Hugging Face

Hugging Face can be used on YCRC systems to run large language models through Python scripts or Jupyter notebooks. This approach provides explicit control over model loading, precision, and GPU placement and is appropriate for scripted workflows and exploratory analysis.

Intended usage

Hugging Face is appropriate for: - scripted inference workflows - Jupyter notebook - workflows requiring explicit control over model loading and precision - multi-GPU inference on a single node - Retrieval Augmented Generation - Fine Tuning

Ollama vs Hugging Face

The YCRC supports all AI/ML workflows. However, we generally recommend Ollama because it is simpler to use as a beginner. Hugging Face provides significantly more flexibility in model development and control and is suitable for high level users. Hugging Face also provides access to more models than Ollama.

Ultimately, there is no wrong choice. If you run into any issues with your workflows, please contact research.computing@yale.edu.

Environment setup

Hugging Face must be installed inside a Miniconda environment. Environments must be created on a compute node.

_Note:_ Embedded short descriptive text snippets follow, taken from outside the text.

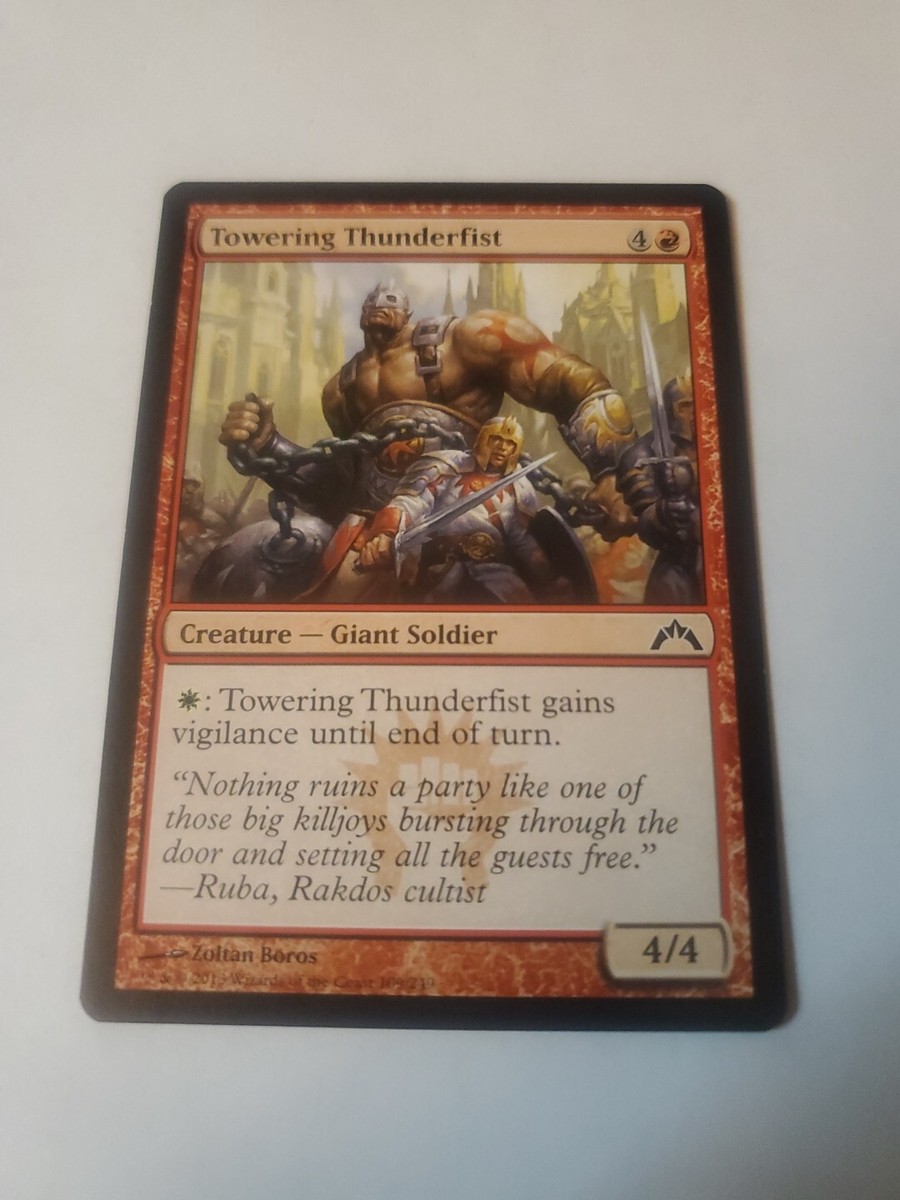 mtg gatecrash most expensive cards Amazon.com: Ultra Pro - MTG Murders at Karlov Manor 100+ Deck Box Alquist  Proft, Master Sleuth for Magic: The Gathering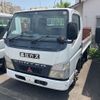 mitsubishi-fuso canter 2005 GOO_NET_EXCHANGE_0705336A30250514W002 image 1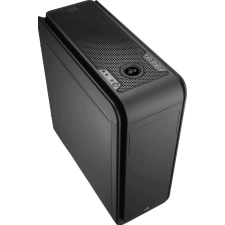 Aerocool DS 200 számítógép ház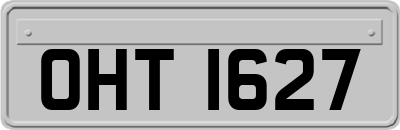 OHT1627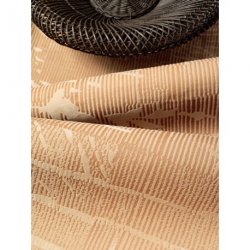 Decoraci&oacute;n con Papel Pintado Velatura RM108454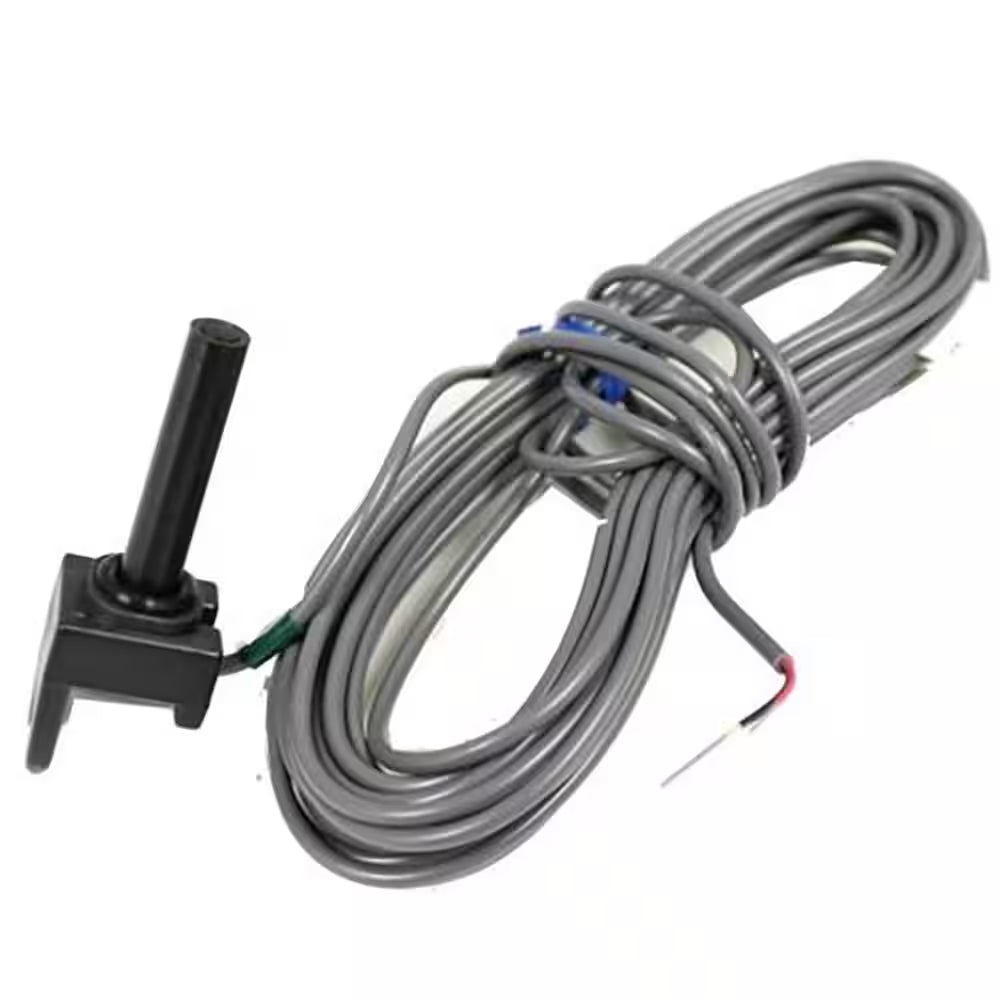 Temperature Sensor Replacement Part for Select Pool Automation Control Systems with 20 Ft. Cable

salloc --partition=devel --cpus-per-task=2 --time=1:00:00 --mem=32G
module load miniconda
conda create --name huggingface python=3.11 transformers accelerate tokenizers datasets notebook
conda activate huggingface

PyTorch must be installed separately. Make sure to install a version with CUDA.

To make the environment available in Open OnDemand Jupyter:

module reset
ycrc_conda_env.sh update

Interactive usage

Interactive Hugging Face workflows are best run using the Jupyter Notebook application in Open OnDemand.

Scripts may also be executed directly from the command line within an interactive allocation.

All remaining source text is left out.